The Information Commissioner’s Office recently announced that the process of mediation proves invaluable to any FIO disputes and the 2009 residential tenancies bill stipulates the appointment of a commissioner to mediate disputes between landlord and tenants. 

As mediation still is a new concept in Cayman, we have in this column discussed the difference between mediation and counselling. This time we would like to touch on some differences between mediating and litigating. Most will know that mediation is an alternative form of dispute resolution to litigation; however, some may not know that there is much common ground between attorneys and mediators. 

Attorneys counsel clients on managing their conflicts. Not only do they resolve disputes through litigation, but they often explore with their clients possible resolution and settlement options. When settlement is likely the best option, mediation can be employed at different times in the process of resolving the dispute in order to ensure that the best negotiated settlement is reached. 

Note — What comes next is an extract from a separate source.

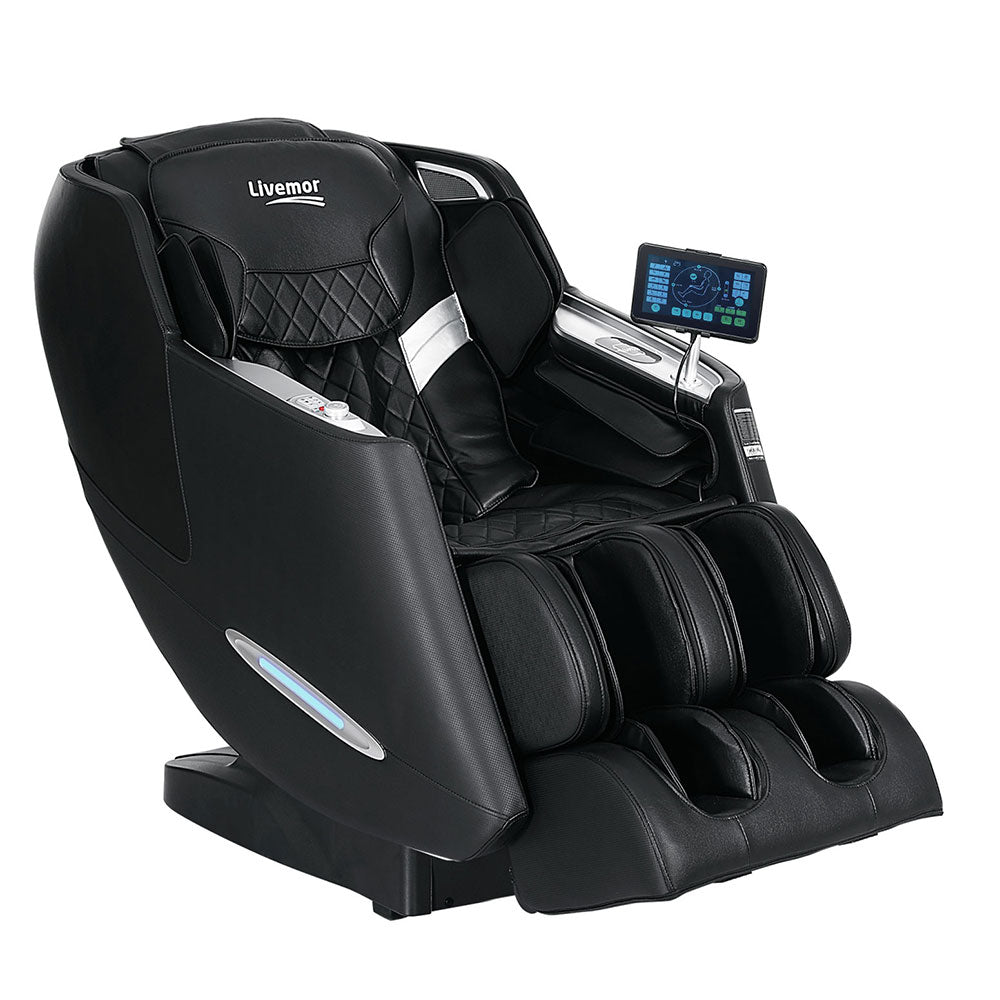 Oren Electric Recliner Massage Chair 3D Zero Gravity Black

Mediation is a voluntary process in which an impartial third party assists two or more parties involved in a dispute to create and agree upon their own terms of settlement. During the mediation process, the mediator does not represent one side or render a decision, but rather assists all parties involved in coming to a mutually agreeable settlement by helping them to identify their interests and needs and aiding the negotiation process. Thus, mediation provides another way for attorneys to counsel their clients on managing conflict.

As mediation is significantly less expensive than going to court; during these economically challenging times, attorneys can help their clients achieve cost-effective dispute resolution through mediation when appropriate. For example, with clients filing for divorce, if a mediator can assist parties to identify acceptable settlement options on such issues as custody and visitation rights, though they will invariably need legal counsel regarding their rights and in writing up the ensuing contracts, the client’s costs can be reduced. At the very least, parties enter mediation voluntarily and cannot be compelled to compromise. 

As mediations are conducted on a without prejudice basis, small risk to clients exists if mediations break down and the case goes to court.

We believe that personal and professional disputes are best managed when those involved explore all resolution options; and, if necessary, chose a path that involves any number of complimentary service providers.